There is no better definition of education than that of Pestalozzi—“the generation of power.” But what kind of power? Not merely power to think abstractly, to speculate, to moralize, to philosophize, but power to act intelligently. And the power to act intelligently involves the exertion, in greater or less degree, of all the powers, both mental and physical. Education, then, is the development of all the powers of man to the culminating point of action. What kind of action? Action in art. What is art? “The power of doing something not taught by nature or instinct; power or skill in the use of knowledge; the practical application of the rules or principles of science.” Again we have the last analysis of education—“skill in the use of knowledge; the application of the rules or principles of science.” And this is tool practice.

It is unnecessary, in an educational view, to divide the arts by the employment of the terms “useful” and “fine;” for the fine arts can only exist legitimately where the useful arts have paved the way. In a harmonious development the artist will enter on the heels of the artisan. Art is cosmopolitan. It is not less worthily represented by the carpenter with his square, saw, and plane, and the smith with his sledge, than by the sculptor with his mallet and chisel, and the painter with his easel and brush; both classes contribute to the comfort and pleasure of man; for comfort is enhanced by pleasure, and pleasure is intensified by comfort. It follows that the ultimate object of education is the attainment of skill in the arts. To this end the speculations and investigations of philosophy and the experiments of chemistry lead.
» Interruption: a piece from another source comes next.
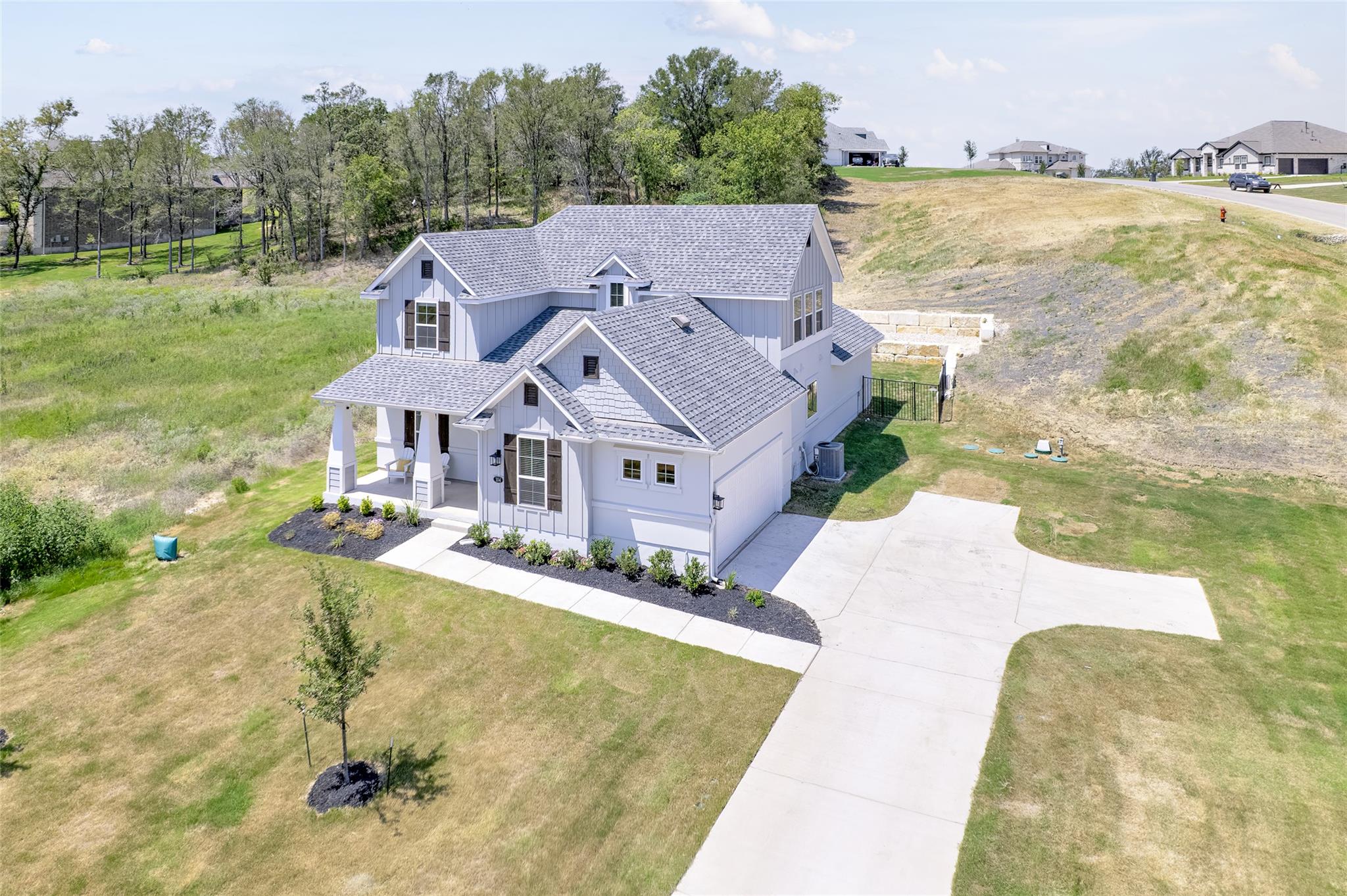 104 Bateleurefrey Cv, Cedar Creek, TX 78612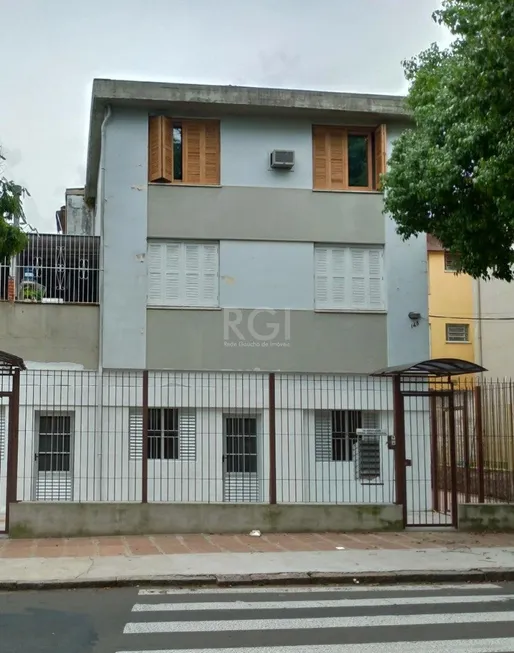 Foto 1 de Apartamento com 4 Quartos à venda, 99m² em Petrópolis, Porto Alegre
At the door of the study of the philosopher and of the laboratory of the chemist stands the artisan, listening for the newest hint that philosophy can impart, waiting for the result of the latest chemical analysis. In his hands these suggestions take form; through his skilful manipulation the faint indications of science become real things, suited to the exigencies of human life.

It is the most astounding fact of history that education has been confined to abstractions. The schools have taught history, mathematics, language and literature, and the sciences, to the utter exclusion of the arts, notwithstanding the obvious fact that it is through the arts alone that other branches of learning touch human life. As Bacon has so aptly expressed it, “The real and legitimate goal of the sciences is the endowment of human life with new inventions and riches.” In a word, public education stops at the exact point where it should begin to apply the theories it has imparted. At this point the school of mental and manual training combined—the Ideal School—begins; not only books but tools are put into the hands of the pupil, with this injunction of Comenius; “Let those things that have to be done be learned by doing them.”